Menanggapi kondisi ini, VP Marketing, Strategy and Planning Kiwoom Sekuritas Indonesia, Oktavianus Audi, mengungkapkan bahwa secara garis besar, tren kinerja *big banks* masih cenderung tertekan. Hal ini seiring dengan peningkatan biaya kredit (*cost of credit*) dan perlambatan pertumbuhan kredit. Meski demikian, Audi melihat peluang perbaikan bagi *big banks* yang terdampak oleh sentimen positif dari pelonggaran kebijakan moneter, mengingat Bank Indonesia (BI) baru-baru ini menurunkan BI-rate menjadi 5,5%. “Kami meyakini dalam jangka menengah hingga panjang kinerja bank akan cenderung membaik,” ujar Audi.
Senada dengan pandangan positif terhadap prospek jangka panjang, Investment Analyst Infovesta Kapital Advisori, Ekky Topan, mengungkapkan bahwa pada Mei 2025, saham *big banks* mulai menunjukkan arah yang lebih positif.

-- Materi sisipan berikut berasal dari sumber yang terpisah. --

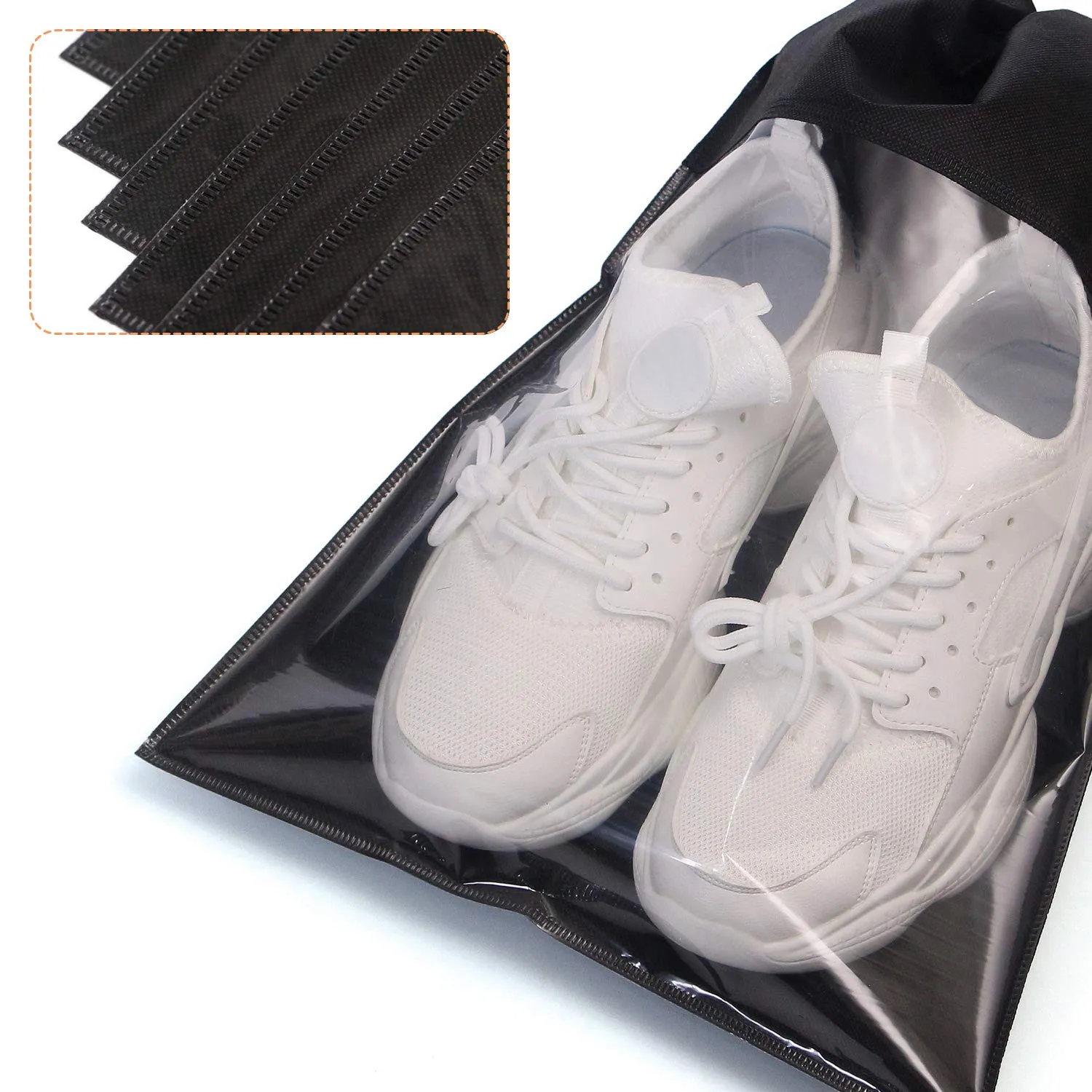 12 Pack Portable Shoe Bags for Travel Large Shoes Pouch Storage Organizer Clear Window with Drawstring for Men and Women Black Black 12pack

Meskipun dari sisi kinerja fundamental Ekky sepakat bahwa memang belum membaik, namun secara teknikal saham-saham ini menarik.
Ekky menjelaskan bahwa saham BBCA bahkan dapat dikategorikan berada dalam tren *strong bullish*, sementara BBRI telah berhasil *breakout* dari level *resistance* dan berpotensi melanjutkan penguatan. Untuk BMRI dan BBNI, meskipun kenaikannya masih relatif lambat, Ekky melihat secara teknikal ada potensi pembalikan arah tren, tinggal menunggu konfirmasi lanjutan dari volume dan *price action*.
Oleh karena itu, Ekky memandang level harga saat ini masih cukup layak untuk akumulasi bertahap, terutama bagi investor jangka panjang yang mengutamakan keamanan investasi serta prospek stabil dari sektor perbankan. “Kombinasi antara valuasi rendah dan fundamental yang relatif kuat menjadikan saham-saham bank *big caps* sebagai opsi defensif yang menarik di tengah kondisi pasar yang masih fluktuatif,” jelasnya. Ekky menargetkan harga BBCA terdekat dapat mencapai Rp 9.700 per saham hingga target jangka pendek mencapai Rp 11.000. Sementara itu, BMRI dan BBNI masing-masing berpotensi tembus Rp 5.500 dan Rp 4.750.